In The Winter's Tale we also see that the journey from the country back to the city does bring change and reconciliation. Camillio convinces the Prince that when he runs away with Perdita, he should go to Sicilla. Then Camillo tells the king. So Everyone even the Shepherd, his son, and Autolycus all end up in Sicillia. Everything is put right. Leontes is repentant for what he had done and is happy to have an heir again. He is reconciled with his boyhood friend but now on a more adult level instead of being stuck in a longing for the old boyhood days. Camillio is brought back into favor with Leontes. Also Polixenes is now happy for Florizel and Perdita to marry now that he knows she is truly of royal blood. He has not changed in this respect because his objection to the marriage in the first place had been over class difference. Since she is not really a rustic peasant but a royal princess he has no problem with the marriage. The Shepherd and his son are now accepted as family. They have risen above their class. Leontes on the other hand has changed since that day when he lost everything.
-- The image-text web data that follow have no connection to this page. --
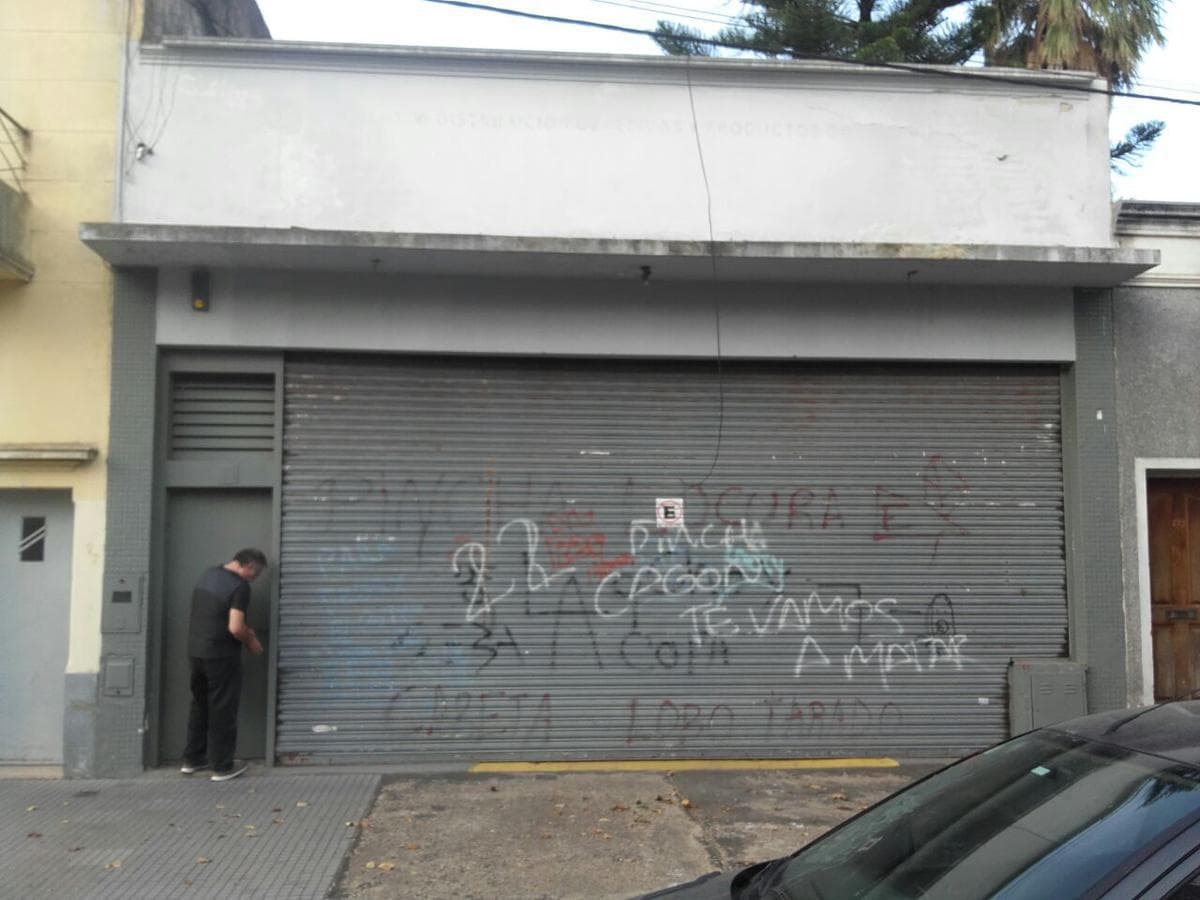 Depósito - Tolosa - 1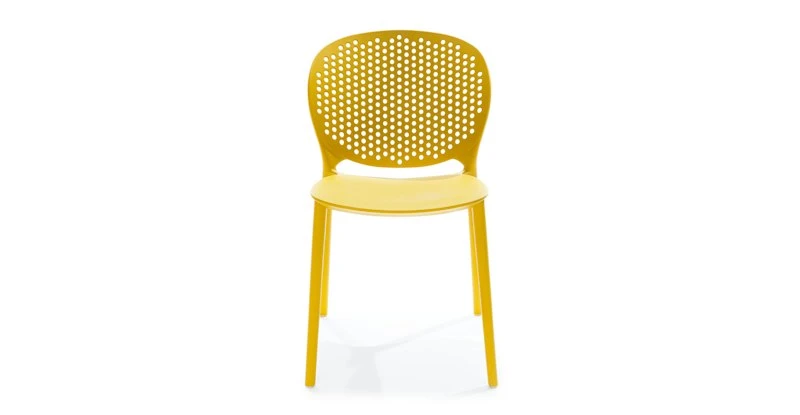 Dot Sun Yellow Dining Chair Dot Sun Yellow Dining Chair -Furniture Sales 2024 image34774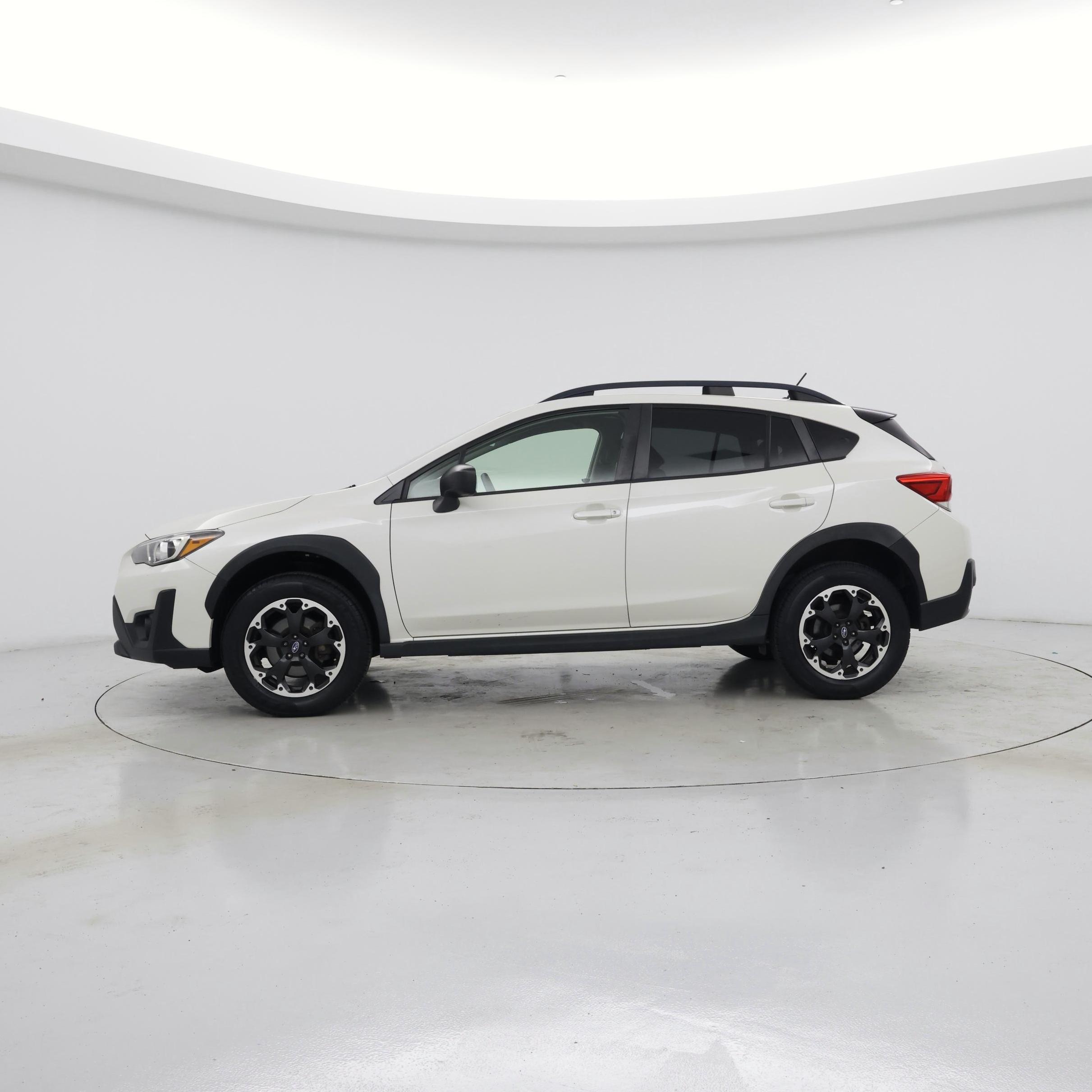 Thumbnail: 2021 Subaru Crosstrek - 3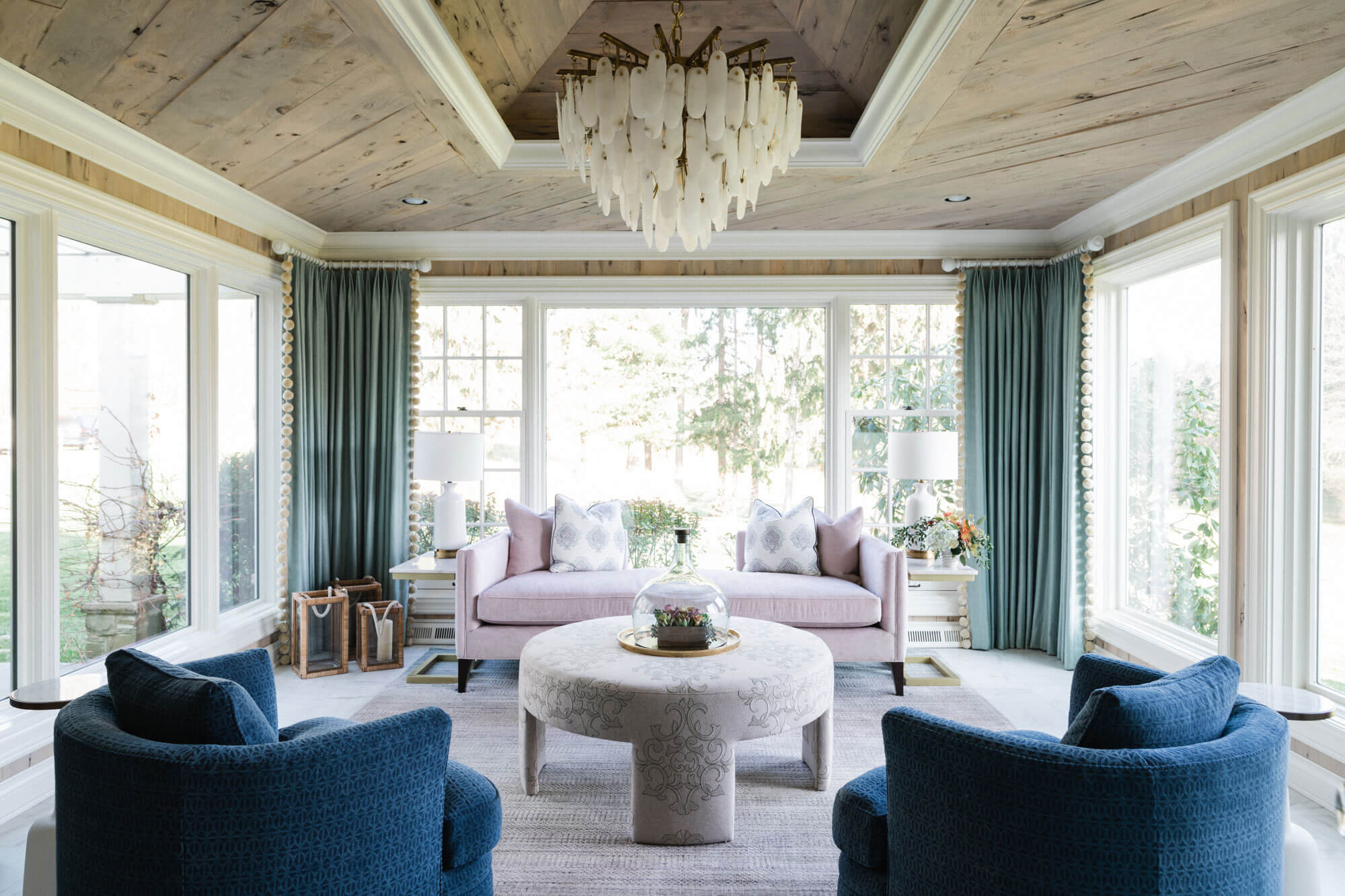 View of Cleveland's Best Interior Designers | Reflections Design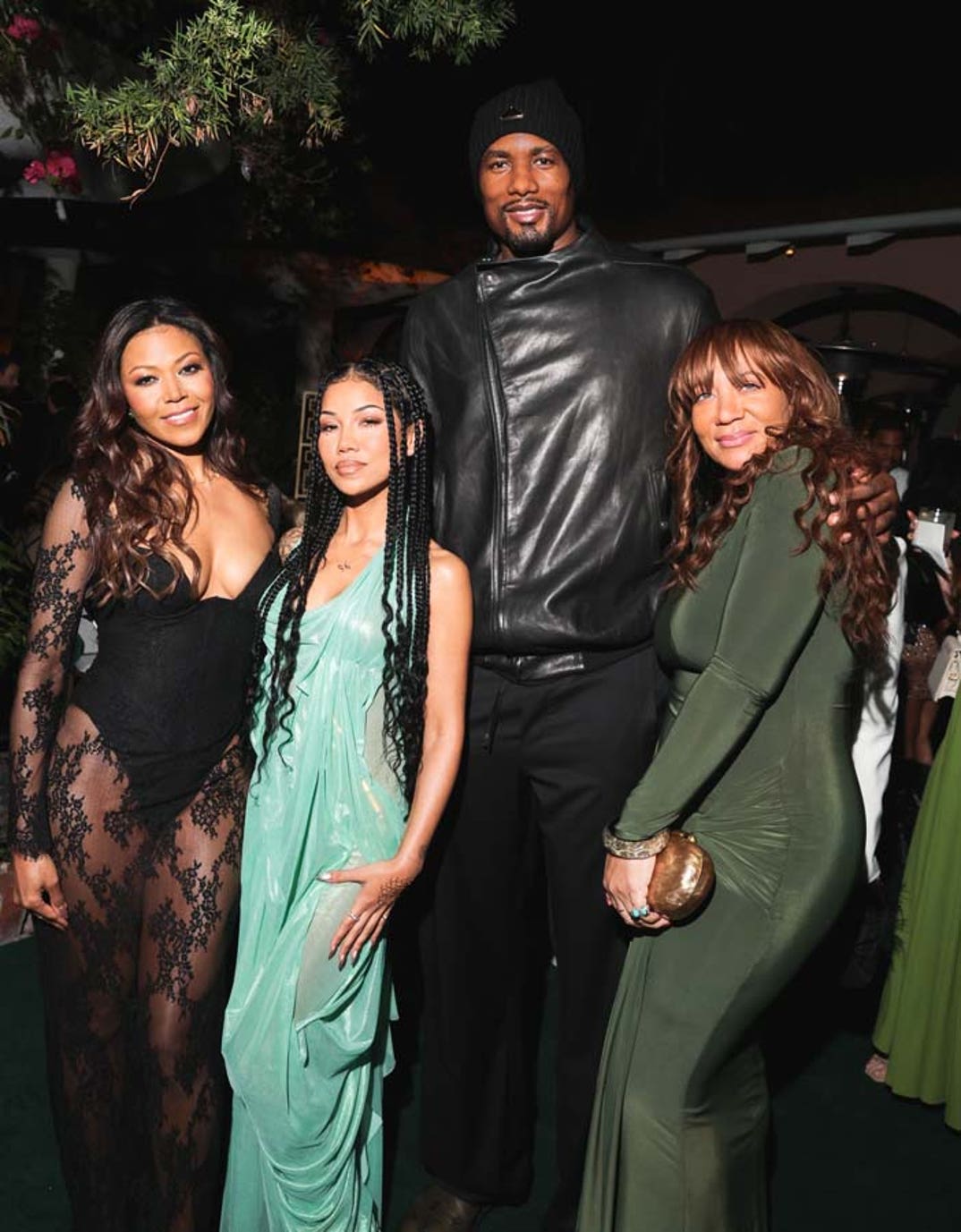 serge ibaka amerie jhene aiko shutterstock_editorial_16499880d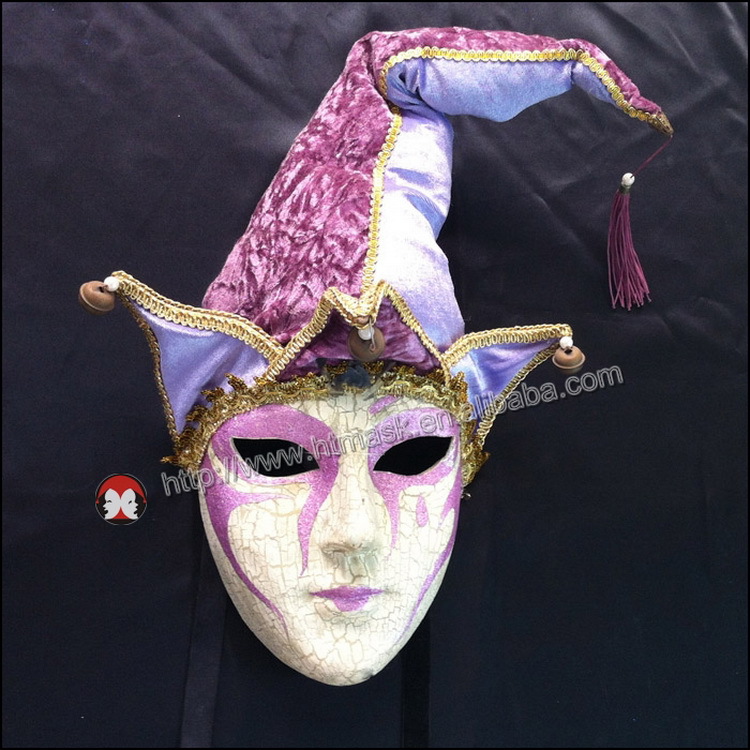 750x750 Halloween Christmas Ornament Performance Painting Mask Of Venice - Face Mask Painting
Paulina who he called a "hag" and many other foul names is now his trusted advisor. Through standing up for the truth while remaining loyal she--and Camillio as well--have earned the kings respect and gratitude. In fact Camillio is responsible for the restoration of the daughter and Paulina is responsible for the resurrection of the wife. Without these two stubborn and faithful servants the happy ending would not have been possible. In the end Leontes regains his family. Like A Midsummer Night's Dream, there is a pairing up of couples: Hermione and Leontes; Florizel and Perdita; and Paulina and Camillo. Thus order is restored at the end with marriage and reunification at the end, which is similar to A Midsummer Night's Dream.
In both plays the Pastoral form was used to take corruption and disorder and to eventually reassert order. Leontes jealousy didn't bring about the tragic ending that occurred in Othello. He received a second chance. His lost family was returned to him. Oberon reasserted his power over Titania. Theseus got what he wanted. Helena and Hermia married the men they wanted. Everybody's happy. Even Autolycus has an advocate in the brother of Perdita--who he cheated and robbed on many occasions--to his former master the Prince. Order, authority, family, and patriarchy have been restored. The journey has come full circle.